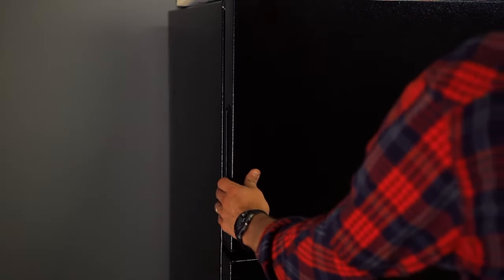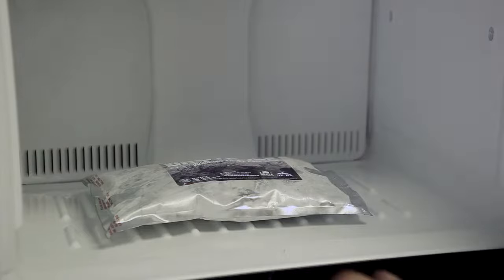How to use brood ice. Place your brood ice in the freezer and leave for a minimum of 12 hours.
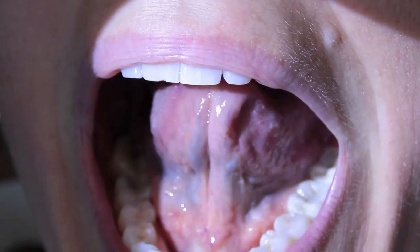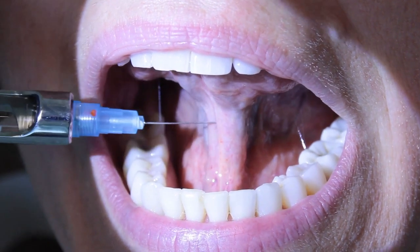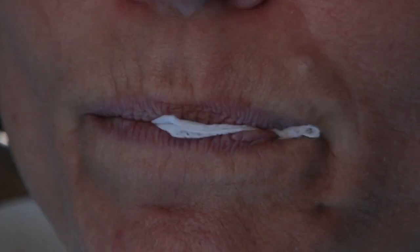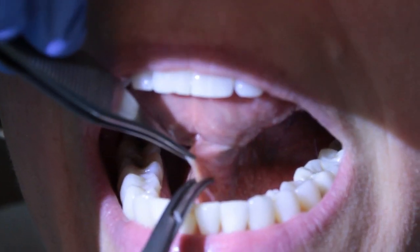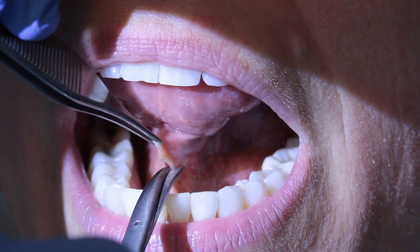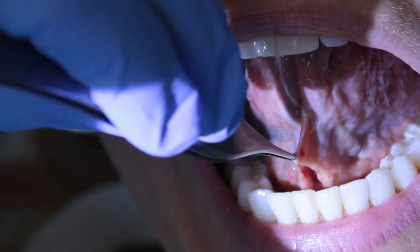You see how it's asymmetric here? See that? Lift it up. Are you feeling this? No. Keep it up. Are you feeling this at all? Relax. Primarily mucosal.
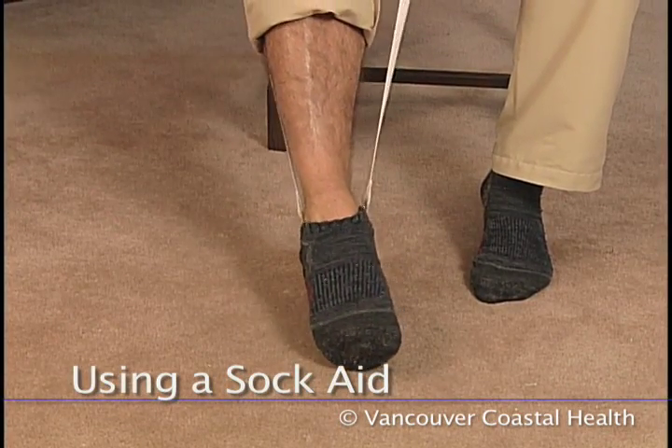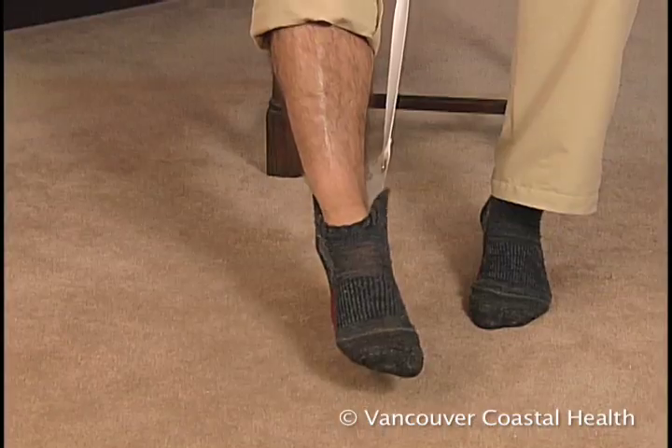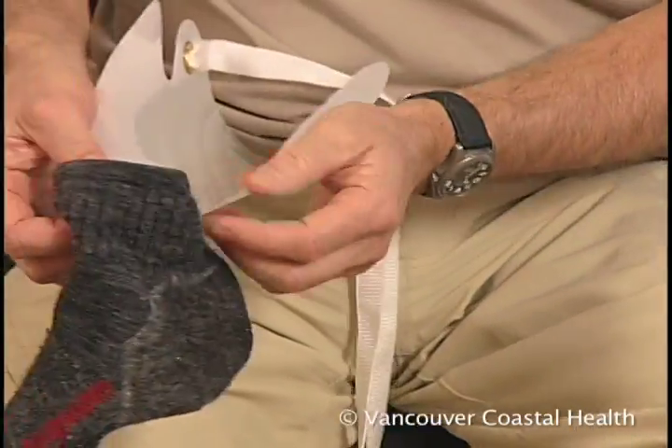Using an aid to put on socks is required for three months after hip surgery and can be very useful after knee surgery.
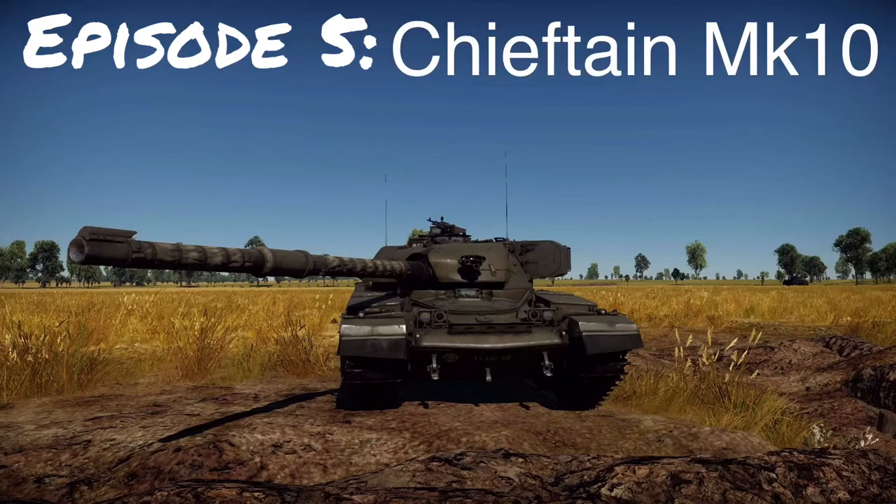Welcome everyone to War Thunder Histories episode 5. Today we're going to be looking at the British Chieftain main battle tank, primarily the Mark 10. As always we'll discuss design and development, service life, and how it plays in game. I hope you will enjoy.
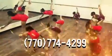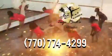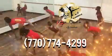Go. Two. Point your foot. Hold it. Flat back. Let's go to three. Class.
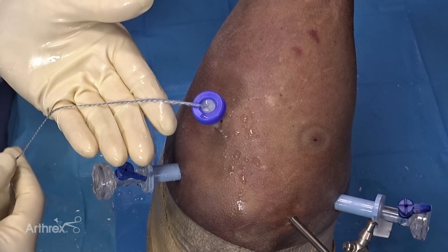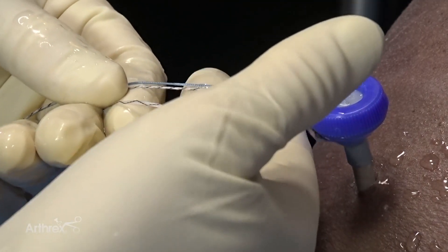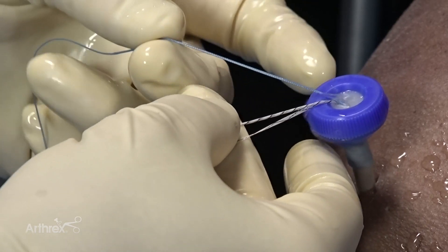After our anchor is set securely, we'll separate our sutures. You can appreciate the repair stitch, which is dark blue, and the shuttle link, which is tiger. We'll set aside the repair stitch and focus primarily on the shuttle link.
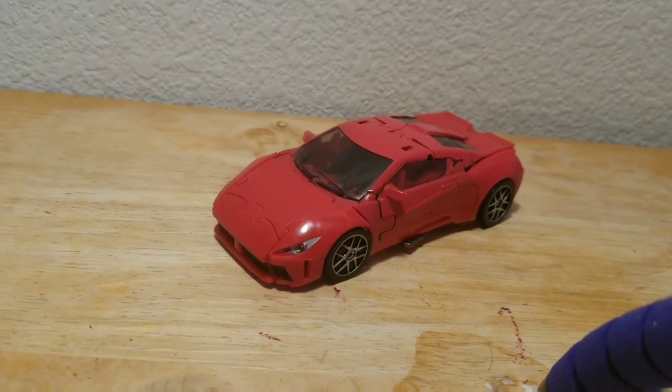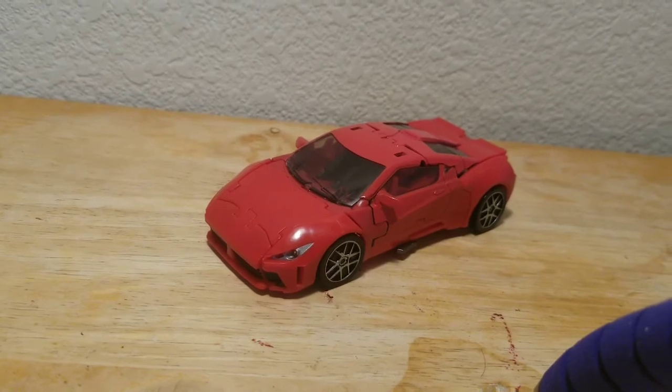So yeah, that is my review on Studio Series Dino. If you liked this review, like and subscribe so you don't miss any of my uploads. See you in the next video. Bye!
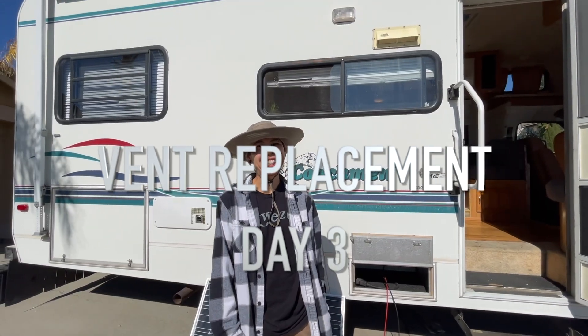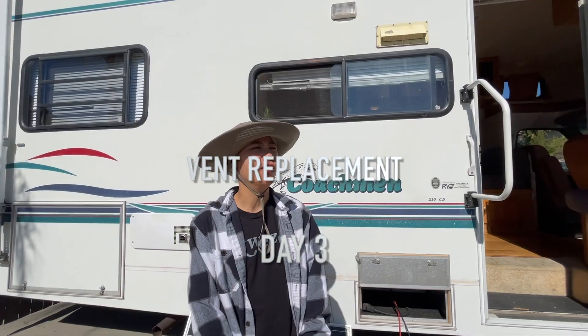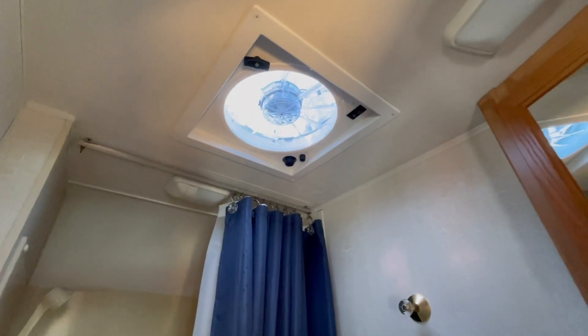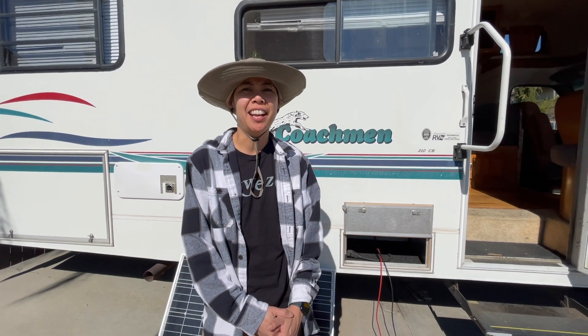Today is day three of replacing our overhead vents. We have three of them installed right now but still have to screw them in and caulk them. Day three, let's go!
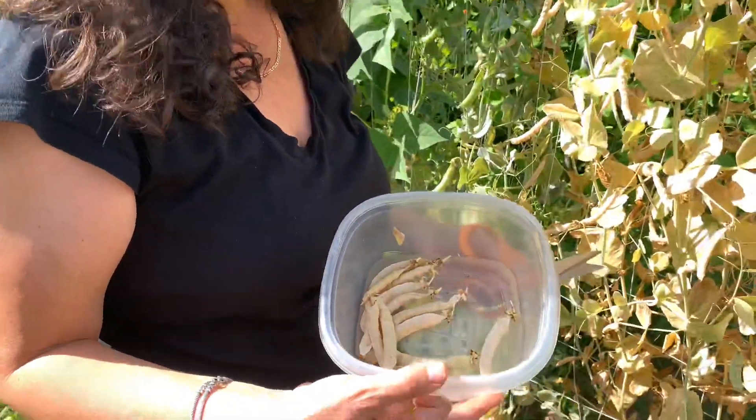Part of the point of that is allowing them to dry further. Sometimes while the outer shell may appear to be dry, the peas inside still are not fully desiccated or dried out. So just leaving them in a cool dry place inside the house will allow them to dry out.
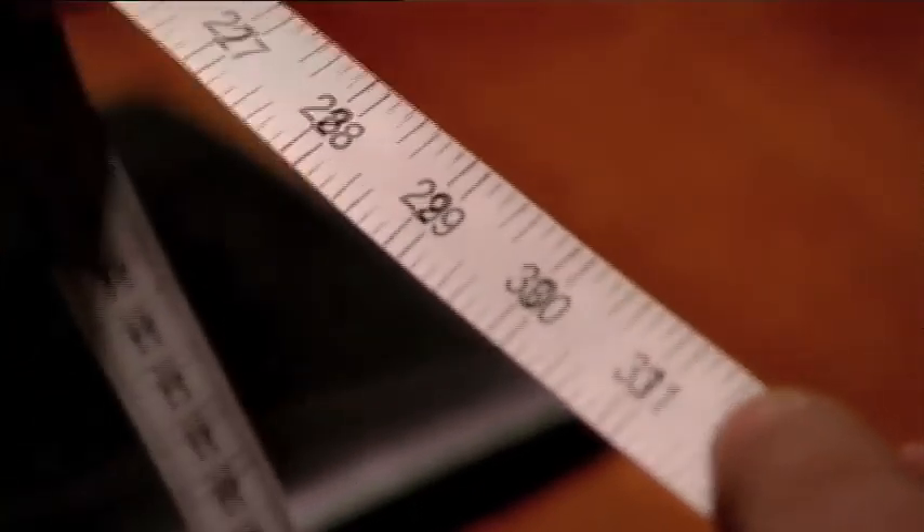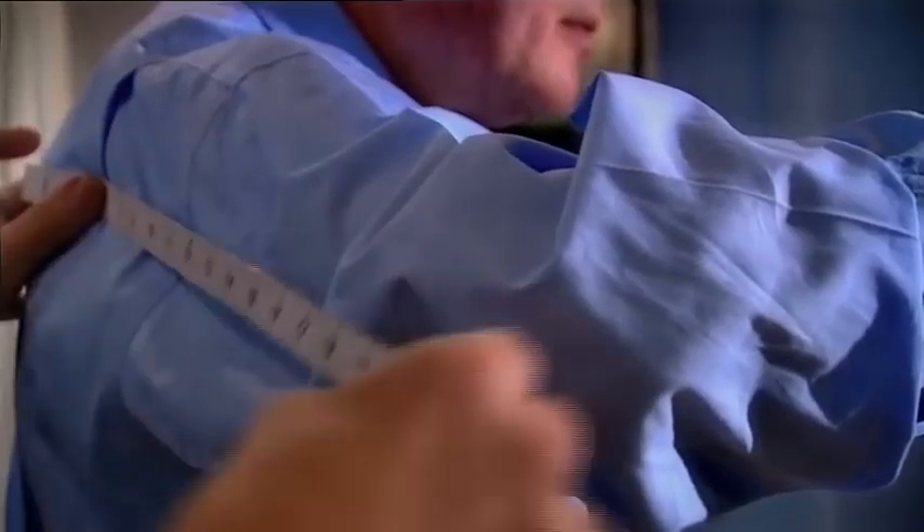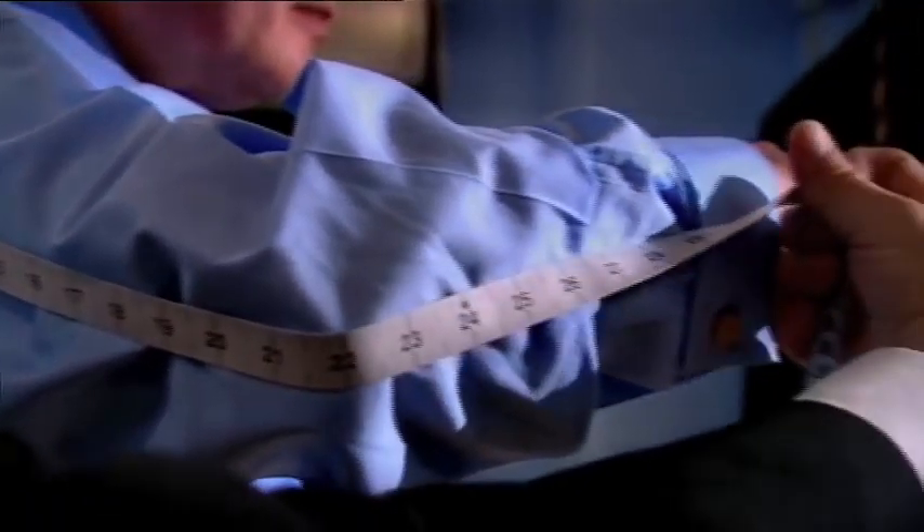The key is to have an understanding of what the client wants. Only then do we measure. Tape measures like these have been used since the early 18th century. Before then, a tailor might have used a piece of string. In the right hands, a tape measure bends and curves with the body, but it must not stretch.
=====
TASK
Only the lines from the top of the material above down to the line bearing "Today is day", that line included, should be set down exactly; no pictures.

RESULT BELOW
How to use brood ice. Place your brood ice in the freezer and leave for a minimum of 12 hours.
You see how it's asymmetric here? See that? Lift it up. Are you feeling this? No. Keep it up. Are you feeling this at all? Relax. Primarily mucosal.
Using an aid to put on socks is required for three months after hip surgery and can be very useful after knee surgery.
Welcome everyone to War Thunder Histories episode 5. Today we're going to be looking at the British Chieftain main battle tank, primarily the Mark 10. As always we'll discuss design and development, service life, and how it plays in game. I hope you will enjoy.
Go. Two. Point your foot. Hold it. Flat back. Let's go to three. Class.
After our anchor is set securely, we'll separate our sutures. You can appreciate the repair stitch, which is dark blue, and the shuttle link, which is tiger. We'll set aside the repair stitch and focus primarily on the shuttle link.
So yeah, that is my review on Studio Series Dino. If you liked this review, like and subscribe so you don't miss any of my uploads. See you in the next video. Bye!
Today is day three of replacing our overhead vents. We have three of them installed right now but still have to screw them in and caulk them. Day three, let's go!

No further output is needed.